Section summary: if Teams is where decisions are made, work is coordinated, and execution happens, a tenant-to-tenant migration impacts daily habits. Success depends less on “moving objects” and more on designing a transition that keeps collaboration, files, and permissions coherent.
Before migrating: should you migrate or should you coexist first?
Migration is one option, but it isn’t always the best first step. In some cases, the organization gets more value by enabling cross-tenant collaboration first and then consolidating once the business stabilizes. This is especially true when the organization is still defining its structure, ownership, processes, and domains.
Option A: controlled coexistence (collaborate across tenants)

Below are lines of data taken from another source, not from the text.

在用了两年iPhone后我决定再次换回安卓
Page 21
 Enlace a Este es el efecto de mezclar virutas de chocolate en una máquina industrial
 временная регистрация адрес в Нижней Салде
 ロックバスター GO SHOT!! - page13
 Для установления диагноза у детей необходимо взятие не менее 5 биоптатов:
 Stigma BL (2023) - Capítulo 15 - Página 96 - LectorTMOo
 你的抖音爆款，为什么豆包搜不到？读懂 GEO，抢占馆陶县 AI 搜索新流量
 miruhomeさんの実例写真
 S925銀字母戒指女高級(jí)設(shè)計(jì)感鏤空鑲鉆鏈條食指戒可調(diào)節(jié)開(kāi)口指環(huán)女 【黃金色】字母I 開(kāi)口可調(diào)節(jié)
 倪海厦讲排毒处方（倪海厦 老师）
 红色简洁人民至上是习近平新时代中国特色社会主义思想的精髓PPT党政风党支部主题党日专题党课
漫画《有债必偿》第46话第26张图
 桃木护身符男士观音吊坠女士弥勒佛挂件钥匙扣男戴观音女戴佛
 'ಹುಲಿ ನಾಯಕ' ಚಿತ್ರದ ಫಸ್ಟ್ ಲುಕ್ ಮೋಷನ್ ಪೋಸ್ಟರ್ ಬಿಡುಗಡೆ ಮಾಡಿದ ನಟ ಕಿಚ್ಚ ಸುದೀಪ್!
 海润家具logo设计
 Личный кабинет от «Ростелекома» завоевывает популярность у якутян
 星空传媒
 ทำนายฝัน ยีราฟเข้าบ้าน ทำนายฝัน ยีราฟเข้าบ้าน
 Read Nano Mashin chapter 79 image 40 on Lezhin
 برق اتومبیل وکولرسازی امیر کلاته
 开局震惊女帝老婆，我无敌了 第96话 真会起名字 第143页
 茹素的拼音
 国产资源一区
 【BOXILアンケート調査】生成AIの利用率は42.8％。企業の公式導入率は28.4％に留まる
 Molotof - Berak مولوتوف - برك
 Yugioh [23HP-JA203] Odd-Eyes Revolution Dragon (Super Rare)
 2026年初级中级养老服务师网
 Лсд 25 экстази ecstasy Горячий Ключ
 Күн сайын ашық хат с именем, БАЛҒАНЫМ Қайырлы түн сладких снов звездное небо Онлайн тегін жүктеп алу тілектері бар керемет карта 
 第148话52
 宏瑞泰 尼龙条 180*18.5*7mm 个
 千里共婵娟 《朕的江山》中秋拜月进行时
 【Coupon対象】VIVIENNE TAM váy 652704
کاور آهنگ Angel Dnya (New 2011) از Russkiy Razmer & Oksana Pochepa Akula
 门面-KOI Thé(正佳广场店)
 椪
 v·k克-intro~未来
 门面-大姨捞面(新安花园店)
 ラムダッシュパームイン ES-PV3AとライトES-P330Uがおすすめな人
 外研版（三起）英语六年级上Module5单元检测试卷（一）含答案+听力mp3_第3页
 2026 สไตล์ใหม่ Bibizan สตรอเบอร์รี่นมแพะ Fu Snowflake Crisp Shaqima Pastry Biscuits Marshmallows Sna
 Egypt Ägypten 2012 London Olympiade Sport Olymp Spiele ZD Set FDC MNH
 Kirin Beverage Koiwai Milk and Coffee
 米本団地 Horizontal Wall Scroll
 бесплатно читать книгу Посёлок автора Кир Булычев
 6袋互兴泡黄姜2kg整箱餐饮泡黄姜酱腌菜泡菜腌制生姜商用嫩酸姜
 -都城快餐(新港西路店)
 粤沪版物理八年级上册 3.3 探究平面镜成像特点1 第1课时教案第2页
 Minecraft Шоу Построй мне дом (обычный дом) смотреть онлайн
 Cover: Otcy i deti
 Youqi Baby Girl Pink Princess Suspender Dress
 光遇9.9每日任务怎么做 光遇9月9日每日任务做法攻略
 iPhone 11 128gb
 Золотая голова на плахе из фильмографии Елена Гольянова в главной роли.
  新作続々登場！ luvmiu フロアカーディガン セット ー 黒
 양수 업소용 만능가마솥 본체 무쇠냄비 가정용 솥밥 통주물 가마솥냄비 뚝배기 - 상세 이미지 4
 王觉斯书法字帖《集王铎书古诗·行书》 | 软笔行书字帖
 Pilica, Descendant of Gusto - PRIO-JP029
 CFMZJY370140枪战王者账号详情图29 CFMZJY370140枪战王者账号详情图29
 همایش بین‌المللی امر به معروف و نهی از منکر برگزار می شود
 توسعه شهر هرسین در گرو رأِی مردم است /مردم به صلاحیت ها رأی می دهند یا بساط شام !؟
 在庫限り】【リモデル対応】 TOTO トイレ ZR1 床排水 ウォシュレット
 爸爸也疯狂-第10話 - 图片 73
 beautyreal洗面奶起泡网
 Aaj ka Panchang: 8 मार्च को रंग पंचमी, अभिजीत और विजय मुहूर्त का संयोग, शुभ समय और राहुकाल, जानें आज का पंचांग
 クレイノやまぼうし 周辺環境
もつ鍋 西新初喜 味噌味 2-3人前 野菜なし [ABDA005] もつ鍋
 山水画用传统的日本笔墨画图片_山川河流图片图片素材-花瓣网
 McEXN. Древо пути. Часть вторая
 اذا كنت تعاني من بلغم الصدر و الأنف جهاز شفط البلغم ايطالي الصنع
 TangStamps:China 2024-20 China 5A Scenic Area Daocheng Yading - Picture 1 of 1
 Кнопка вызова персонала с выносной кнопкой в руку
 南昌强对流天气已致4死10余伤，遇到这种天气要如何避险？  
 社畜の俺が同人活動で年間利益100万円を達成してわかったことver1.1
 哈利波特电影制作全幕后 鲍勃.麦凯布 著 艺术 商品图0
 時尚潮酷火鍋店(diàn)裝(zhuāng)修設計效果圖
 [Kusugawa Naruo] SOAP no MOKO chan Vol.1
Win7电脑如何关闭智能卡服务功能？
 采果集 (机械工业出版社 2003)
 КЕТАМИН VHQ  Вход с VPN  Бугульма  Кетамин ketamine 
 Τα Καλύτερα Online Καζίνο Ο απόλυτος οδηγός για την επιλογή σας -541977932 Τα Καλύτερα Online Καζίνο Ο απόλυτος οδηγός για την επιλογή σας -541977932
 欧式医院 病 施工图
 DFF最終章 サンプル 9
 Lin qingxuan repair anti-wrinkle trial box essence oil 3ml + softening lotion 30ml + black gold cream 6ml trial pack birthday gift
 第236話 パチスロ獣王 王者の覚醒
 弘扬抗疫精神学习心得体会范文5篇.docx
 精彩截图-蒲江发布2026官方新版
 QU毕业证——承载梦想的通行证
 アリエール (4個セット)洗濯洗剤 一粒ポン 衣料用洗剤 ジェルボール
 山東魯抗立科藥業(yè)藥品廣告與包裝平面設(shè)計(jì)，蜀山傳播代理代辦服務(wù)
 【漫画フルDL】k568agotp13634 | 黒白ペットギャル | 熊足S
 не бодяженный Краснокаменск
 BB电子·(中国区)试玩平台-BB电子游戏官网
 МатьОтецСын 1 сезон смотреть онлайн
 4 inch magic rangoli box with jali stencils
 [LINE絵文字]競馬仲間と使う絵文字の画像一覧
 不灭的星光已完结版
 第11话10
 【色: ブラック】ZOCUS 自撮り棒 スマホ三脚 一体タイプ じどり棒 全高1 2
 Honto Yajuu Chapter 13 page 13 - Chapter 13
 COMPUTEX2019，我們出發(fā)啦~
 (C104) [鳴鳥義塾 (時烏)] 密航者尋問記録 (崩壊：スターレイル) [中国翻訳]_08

If the immediate goal is to work together without “mixing everything” yet, cross-tenant collaboration can be enabled:
- Shared channels: enable collaboration with users from another tenant without turning them into traditional guests, when B2B Direct Connect is configured.
- External access and federation: for chat/calling between organizations, useful as an intermediate step.
- Guest access: valid for specific scenarios, but requires governance (expiration, reviews, and permission controls).
Option B: partial migration
In a carve-out or reorganization, the correct move is often not to migrate “everything.” Instead, key teams/projects are migrated, critical workspaces are rebuilt, and a time-bound read-only or limited-access period is maintained on the source tenant for reference (with clear rules and a closure date).
Option C: full migration
When the decision is final (a single destination tenant), a full migration makes sense—if the scope is clearly defined:
- What must move no matter what (active teams, live files, operational processes).
- What can be archived or left in the source tenant (closed projects, older chats without operational value).
- What will be rebuilt (policies, apps, templates, governance) in the destination tenant.
Section summary: before investing effort in migration, decide whether the organization needs immediate consolidation or whether it’s safer to collaborate across tenants and migrate in phases. That decision reduces risk and avoids “blind” migrations.
What migrates (and what doesn’t) in a Microsoft Teams tenant-to-tenant migration
Teams combines content across multiple Microsoft 365 services. That’s why the migration is easier to understand when it’s split into layers. A common mistake is assuming Teams is “one thing” and everything moves the same way.
Layer 1: the shared workspace (team and channels)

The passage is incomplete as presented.